**Exercise objective**: What do the lines say, reproduced word for word, from the first of the entries below through the line bearing "Продаю Apple Watch"?

Short descriptive text snippets
[Start of Attachment]

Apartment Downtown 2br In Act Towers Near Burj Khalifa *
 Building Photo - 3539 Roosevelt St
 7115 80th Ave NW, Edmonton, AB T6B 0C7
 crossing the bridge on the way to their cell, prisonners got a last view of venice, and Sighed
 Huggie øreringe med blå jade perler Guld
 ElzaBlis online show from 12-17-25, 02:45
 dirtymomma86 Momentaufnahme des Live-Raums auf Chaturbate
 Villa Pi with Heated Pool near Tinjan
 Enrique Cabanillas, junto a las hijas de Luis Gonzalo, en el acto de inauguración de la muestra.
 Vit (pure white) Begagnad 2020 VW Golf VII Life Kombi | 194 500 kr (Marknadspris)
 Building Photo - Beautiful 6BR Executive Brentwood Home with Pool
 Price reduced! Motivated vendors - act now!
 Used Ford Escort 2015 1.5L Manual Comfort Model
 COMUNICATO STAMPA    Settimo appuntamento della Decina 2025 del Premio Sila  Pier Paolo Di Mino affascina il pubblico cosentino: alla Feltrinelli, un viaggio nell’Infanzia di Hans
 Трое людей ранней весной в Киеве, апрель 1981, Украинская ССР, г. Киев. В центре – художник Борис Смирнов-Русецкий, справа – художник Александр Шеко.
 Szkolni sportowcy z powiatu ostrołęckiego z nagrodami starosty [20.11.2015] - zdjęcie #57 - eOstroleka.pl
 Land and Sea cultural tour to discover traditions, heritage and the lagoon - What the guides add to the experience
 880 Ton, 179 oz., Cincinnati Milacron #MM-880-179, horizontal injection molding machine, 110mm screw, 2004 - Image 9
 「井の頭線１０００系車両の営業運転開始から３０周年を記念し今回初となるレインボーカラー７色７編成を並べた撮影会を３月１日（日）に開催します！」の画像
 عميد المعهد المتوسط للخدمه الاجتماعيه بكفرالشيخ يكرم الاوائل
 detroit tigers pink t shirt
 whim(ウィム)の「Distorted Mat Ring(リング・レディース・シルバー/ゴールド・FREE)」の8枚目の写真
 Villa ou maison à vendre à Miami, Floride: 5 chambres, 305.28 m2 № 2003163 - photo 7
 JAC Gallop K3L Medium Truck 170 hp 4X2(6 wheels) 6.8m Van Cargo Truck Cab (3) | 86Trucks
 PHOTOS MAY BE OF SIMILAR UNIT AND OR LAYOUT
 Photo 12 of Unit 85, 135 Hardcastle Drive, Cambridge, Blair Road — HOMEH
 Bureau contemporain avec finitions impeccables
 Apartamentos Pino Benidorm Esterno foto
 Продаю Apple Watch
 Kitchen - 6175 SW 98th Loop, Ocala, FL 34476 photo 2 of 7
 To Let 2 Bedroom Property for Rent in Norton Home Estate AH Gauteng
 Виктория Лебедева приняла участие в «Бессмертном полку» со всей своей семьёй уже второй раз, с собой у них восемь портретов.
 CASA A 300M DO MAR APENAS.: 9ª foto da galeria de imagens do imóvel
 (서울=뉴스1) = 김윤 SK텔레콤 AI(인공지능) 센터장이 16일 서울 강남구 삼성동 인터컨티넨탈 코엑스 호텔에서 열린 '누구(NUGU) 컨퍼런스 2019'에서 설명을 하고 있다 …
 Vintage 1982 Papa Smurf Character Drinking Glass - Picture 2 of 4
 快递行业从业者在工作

[End of Attachment]

**The answer**:
Apartment Downtown 2br In Act Towers Near Burj Khalifa *
 Building Photo - 3539 Roosevelt St
 7115 80th Ave NW, Edmonton, AB T6B 0C7
 crossing the bridge on the way to their cell, prisonners got a last view of venice, and Sighed
 Huggie øreringe med blå jade perler Guld
 ElzaBlis online show from 12-17-25, 02:45
 dirtymomma86 Momentaufnahme des Live-Raums auf Chaturbate
 Villa Pi with Heated Pool near Tinjan
 Enrique Cabanillas, junto a las hijas de Luis Gonzalo, en el acto de inauguración de la muestra.
 Vit (pure white) Begagnad 2020 VW Golf VII Life Kombi | 194 500 kr (Marknadspris)
 Building Photo - Beautiful 6BR Executive Brentwood Home with Pool
 Price reduced! Motivated vendors - act now!
 Used Ford Escort 2015 1.5L Manual Comfort Model
 COMUNICATO STAMPA    Settimo appuntamento della Decina 2025 del Premio Sila  Pier Paolo Di Mino affascina il pubblico cosentino: alla Feltrinelli, un viaggio nell’Infanzia di Hans
 Трое людей ранней весной в Киеве, апрель 1981, Украинская ССР, г. Киев. В центре – художник Борис Смирнов-Русецкий, справа – художник Александр Шеко.
 Szkolni sportowcy z powiatu ostrołęckiego z nagrodami starosty [20.11.2015] - zdjęcie #57 - eOstroleka.pl
 Land and Sea cultural tour to discover traditions, heritage and the lagoon - What the guides add to the experience
 880 Ton, 179 oz., Cincinnati Milacron #MM-880-179, horizontal injection molding machine, 110mm screw, 2004 - Image 9
 「井の頭線１０００系車両の営業運転開始から３０周年を記念し今回初となるレインボーカラー７色７編成を並べた撮影会を３月１日（日）に開催します！」の画像
 عميد المعهد المتوسط للخدمه الاجتماعيه بكفرالشيخ يكرم الاوائل
 detroit tigers pink t shirt
 whim(ウィム)の「Distorted Mat Ring(リング・レディース・シルバー/ゴールド・FREE)」の8枚目の写真
 Villa ou maison à vendre à Miami, Floride: 5 chambres, 305.28 m2 № 2003163 - photo 7
 JAC Gallop K3L Medium Truck 170 hp 4X2(6 wheels) 6.8m Van Cargo Truck Cab (3) | 86Trucks
 PHOTOS MAY BE OF SIMILAR UNIT AND OR LAYOUT
 Photo 12 of Unit 85, 135 Hardcastle Drive, Cambridge, Blair Road — HOMEH
 Bureau contemporain avec finitions impeccables
 Apartamentos Pino Benidorm Esterno foto
 Продаю Apple Watch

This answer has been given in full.